▶ [Work required]: Copy the listing exactly; drop the pictures.

▶ [Given data]:
Start of Block
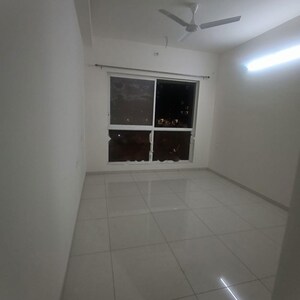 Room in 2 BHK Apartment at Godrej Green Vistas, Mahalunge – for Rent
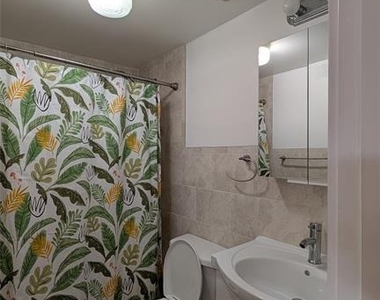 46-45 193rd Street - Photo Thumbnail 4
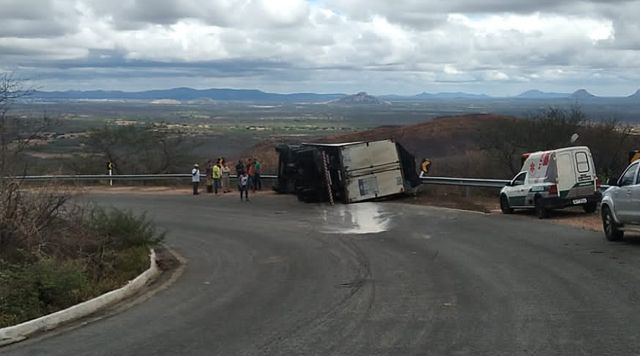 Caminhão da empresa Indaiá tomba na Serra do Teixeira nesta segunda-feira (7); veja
End of Block
▶ [Solution]:
 Room in 2 BHK Apartment at Godrej Green Vistas, Mahalunge – for Rent
 46-45 193rd Street - Photo Thumbnail 4
 Caminhão da empresa Indaiá tomba na Serra do Teixeira nesta segunda-feira (7); veja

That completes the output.